Whilst we cannot change the quality of our representation by changing the way our representatives are selected, we can improve the odds of attracting good representatives, and improve the efficiency with which they operate, by modifying the incentives created by our constitutional and administrative arrangements.
A few examples
- More advice does not equal better advice, but it does equal more cost. We could do with fewer, better MPs, better resourced to serve their constituencies.
- 23 ministers and departments of state is not the best way to achieve efficient coordination across responsibilities. We should have many fewer departments of state.
- QuANGOs are ways for governments to intervene in many areas of life without ministers being accountable for the interventions. Some are essential, but many should be scrapped or cut down to size.
- The European Union should be a trading partnership and no more. The UK government should promise an "in or out" referendum, and take a list of European measures to scrap or exempt Britain from, as a condition for recommending an "in" vote.
- 25 English Church of England bishops have seats in the House of Lords, no Welsh, Scottish or Irish bishops, nor representatives of other Christian denominations or other faiths (at least, not by virtue of their position within their religion). Religious leaders bring useful moral understanding to the corrective chamber, but the numbers should be reduced and the representation spread to reflect the diversity of modern Britain.
- To avoid the corrective chamber being equally dominated by party politics, it should not be fully elected. But the unelected members should not be appointed by party leaders either, for the same reason.
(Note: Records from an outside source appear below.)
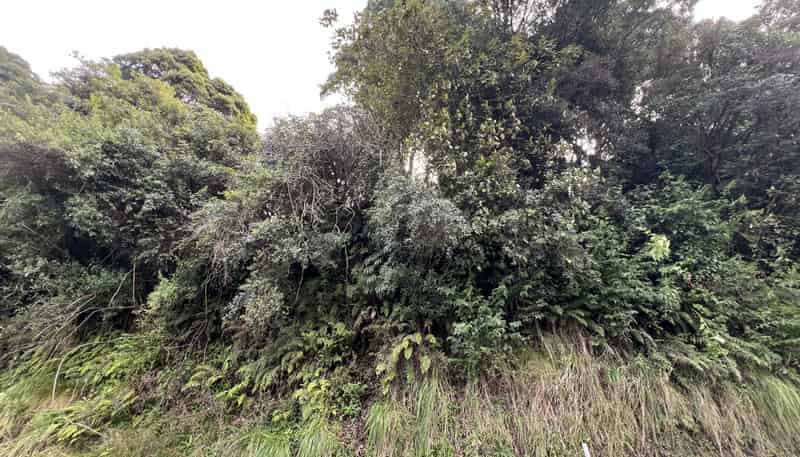 Lot ., Omoto Valley Road, Kaiata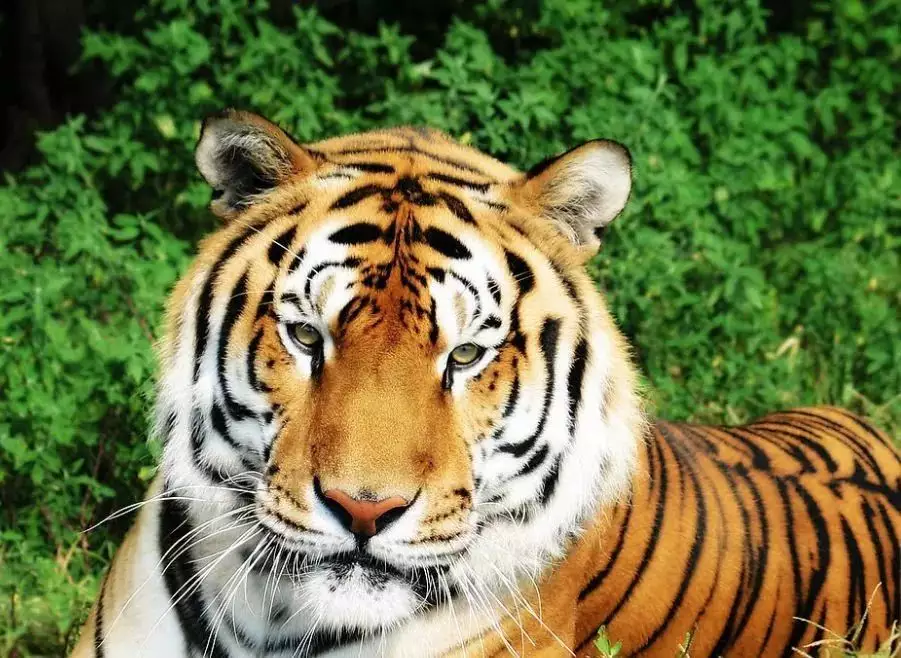 1、屬虎之人運勢牌運怎麼樣:年5月5日屬虎人那天玩牌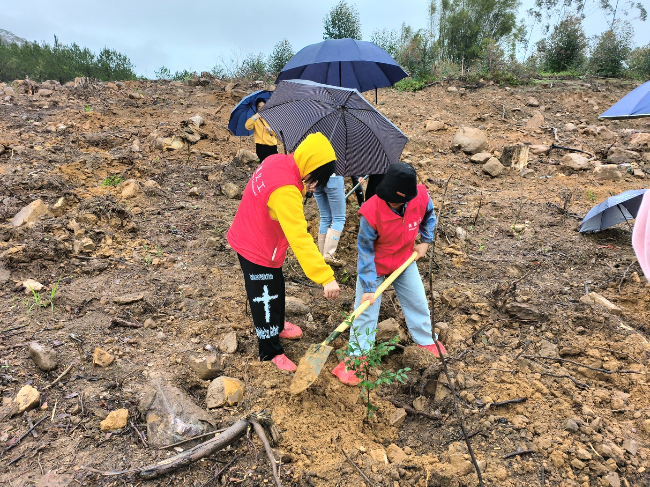植树 (1)_爱奇艺.jpg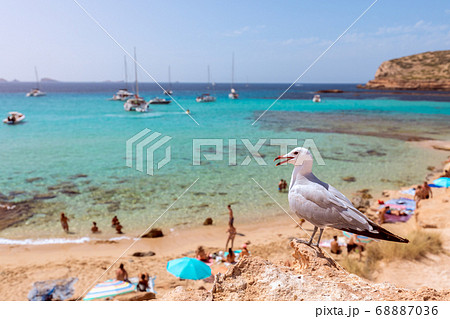 Sea gull on the beach Cala Escondida. Cala Comte, Ibiza, Balearic Islands. Spain Sea gull on the beach Cala Escondida. Cala Comte, Ibiza, Balearic Islands. Spain 68887036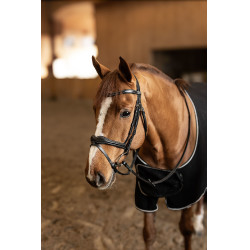 Gecombineerd Hoofdstel Wavy HFI Master Zwart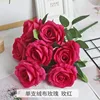 Rose garance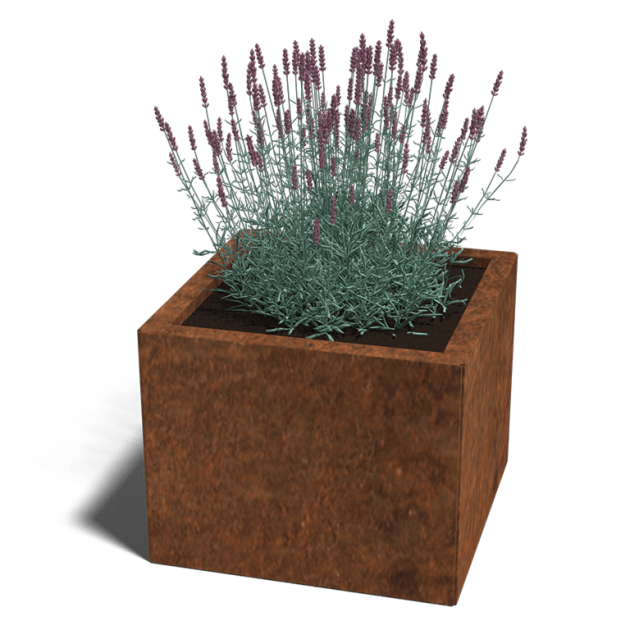 Cortenstaal plantenbak Miami 50x50x30 cm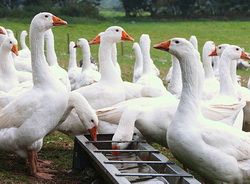 Tulburari datorate deficientelor nutritionale la palmipede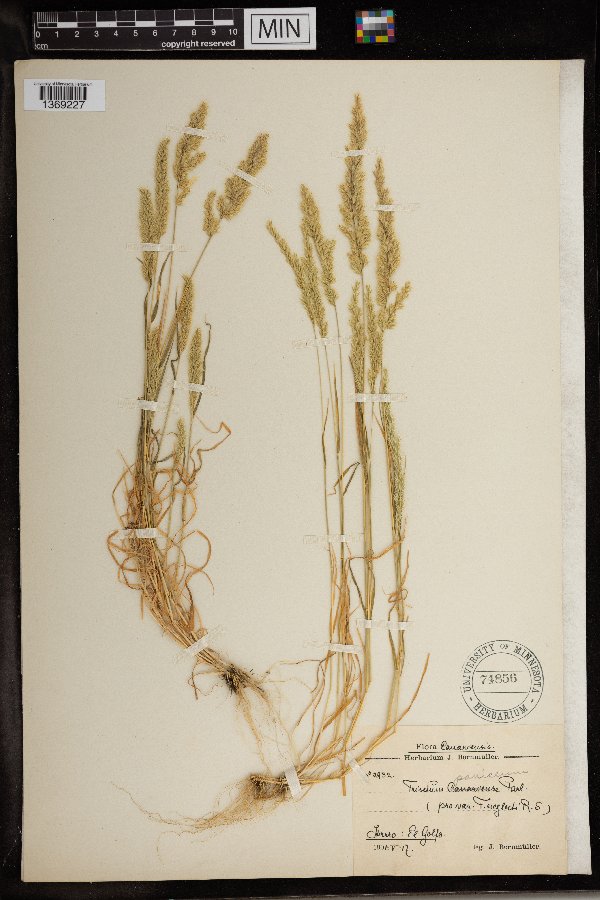 Trisetaria panicea image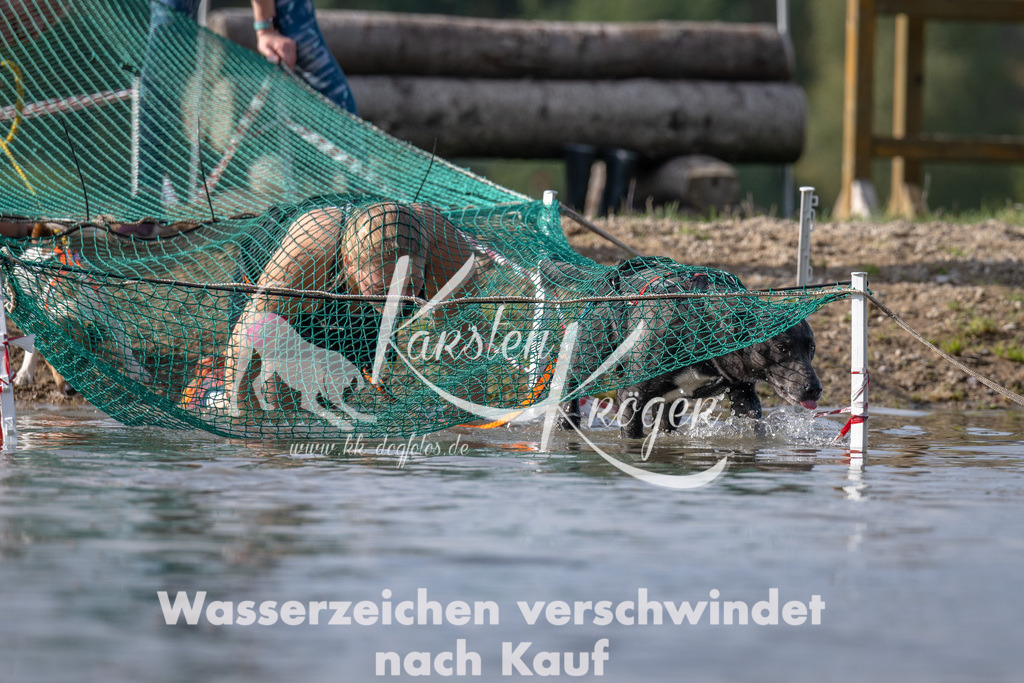 1150_ZZ94380 | kk-dogfotos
A proportion of the seats should be held by representatives of the "great estates", that is (besides religions, mentioned above), the military, the law, and academia (leaving aside the media as needing no representation to get their opinion heard, and business as being to heterogeneous and disparate to offer suitable representatives).
- The balance of the membership of the corrective chamber (reduced to around 400 members like the House of Commons) should be elected by a Proportional Representation system, as a compromise that retained first-past-the-post in the Commons. This would preserve the possibility of strong government drawn from the Commons, whilst providing broader representation of political parties (but not of unaffiiliated individuals) within parliament.